Serialization is process of breaking the object(to be sent across network) into form that can be sent across the network (that is converting it into to a sequence of bytes).

Necessarily, before sending the object across network , it must be serialized.

And Marshelling is next step of sending the encrypted object(which is serialized) across the network.

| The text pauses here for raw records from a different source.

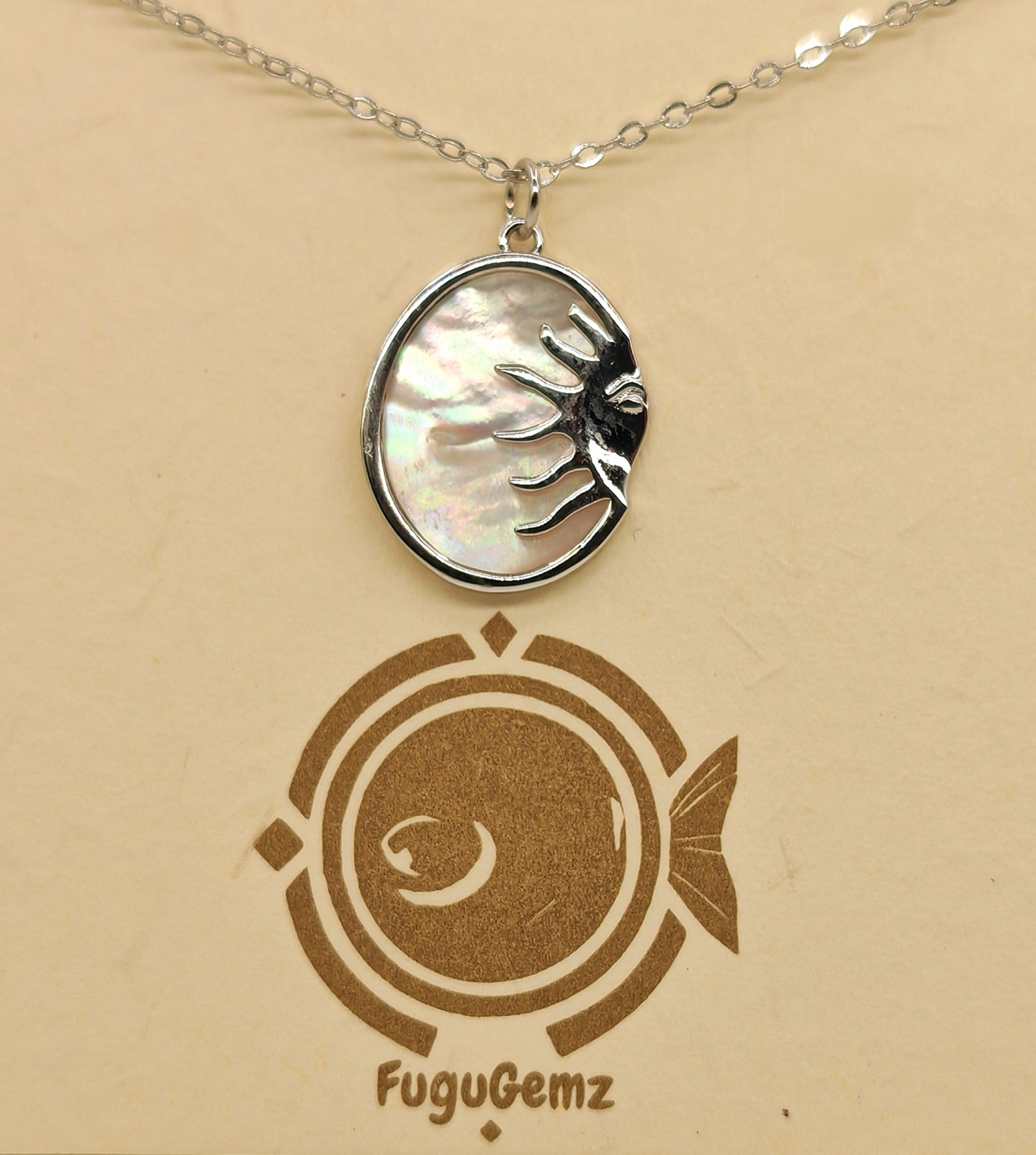 42cm 925 sterling silver chain necklace with 16mm oval mother-of-pearl pendant in silver casement
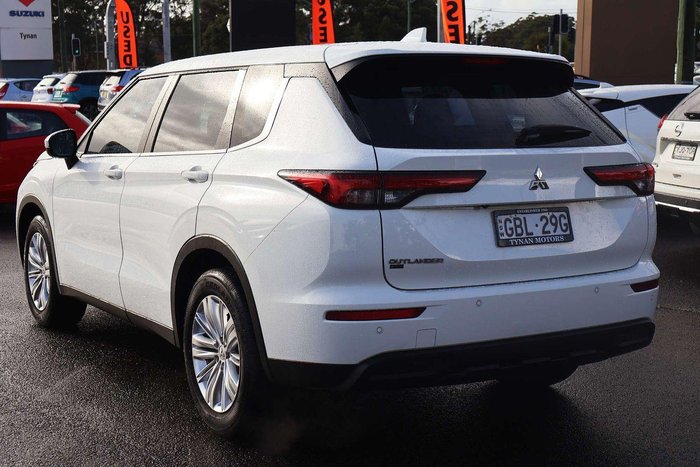 2023 Mitsubishi Outlander ES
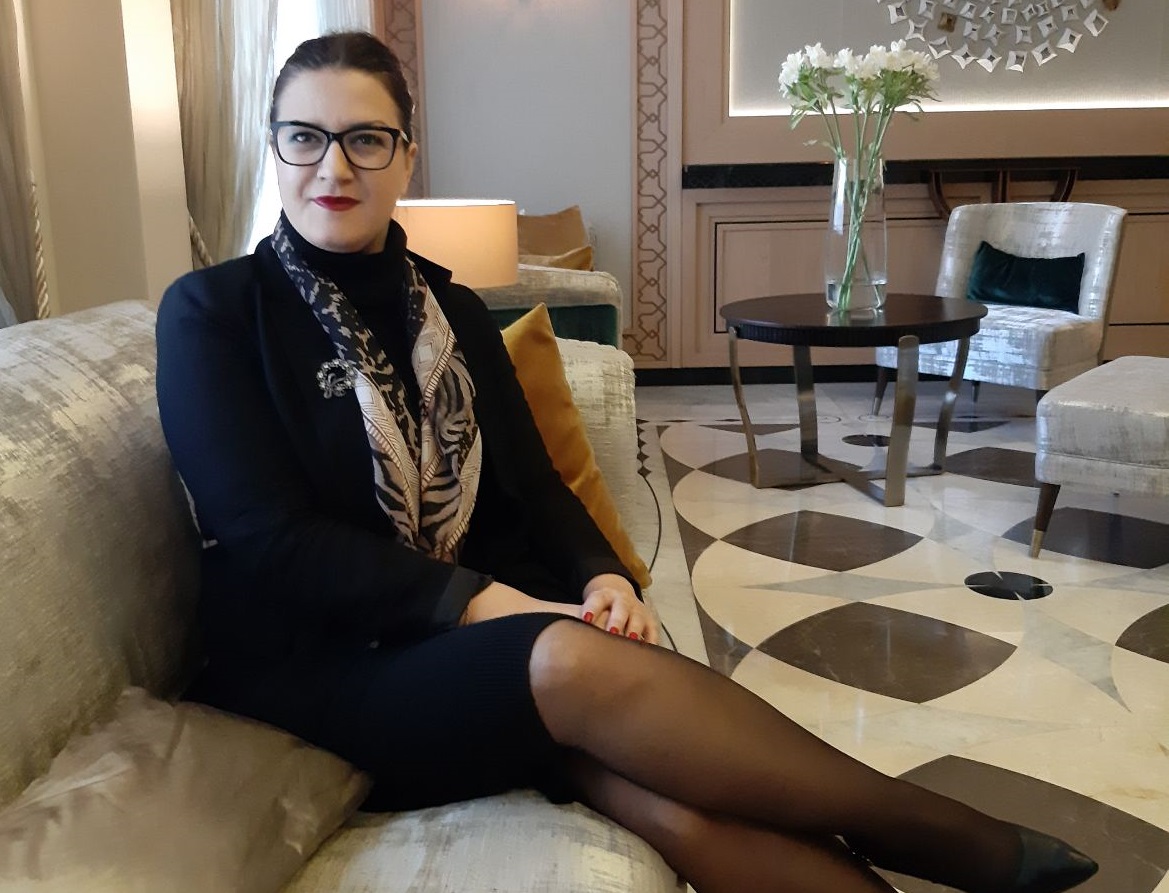 Raščanin-Radičević SVESTRANA ŽENA I POLITIČARKA, za Standard priča o djeci i kuvanju, ima položen lovački ispit i oružni list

RMI uses a standard mechanism (employed in RPC systems) for communicating with remote objects: stubs and skeletons. A stub for a remote object acts as a client's local representative or proxy for the remote object. The caller invokes a method on the local stub which is responsible for carrying out the method call on the remote object. In RMI, a stub for a remote object implements the same set of remote interfaces that a remote object implements.
When a stub's method is invoked, it does the following:

* initiates a connection with the remote JVM containing the remote object,
* marshals (writes and transmits) the parameters to the remote JVM,
* waits for the result of the method invocation,
* unmarshals (reads) the return value or exception returned, and
* returns the value to the caller.

The stub hides the serialization of parameters and the network-level communication in order to present a simple invocation mechanism to the caller.
In the remote JVM, each remote object may have a corresponding skeleton (in Java 2 platform-only environments, skeletons are not required). The skeleton is responsible for dispatching the call to the actual remote object implementation. When a skeleton receives an incoming method invocation it does the following:

* unmarshals (reads) the parameters for the remote method,
* invokes the method on the actual remote object implementation, and
* marshals (writes and transmits) the result (return value or exception) to the caller.

In the Java 2 SDK, Standard Edition, v1.2 an additional stub protocol was introduced that eliminates the need for skeletons in Java 2 platform-only environments. Instead, generic code is used to carry out the duties performed by skeletons in JDK1.1. Stubs and skeletons are generated by the rmic compiler.

4 comments:

Anonymous said...

"the object is marshaled on stun side"
-- don't you mean the "stub" side?

Anonymous said...

thax.is very good notes

Anonymous said...

Nice..Simple and informative

Anonymous said...

Nice...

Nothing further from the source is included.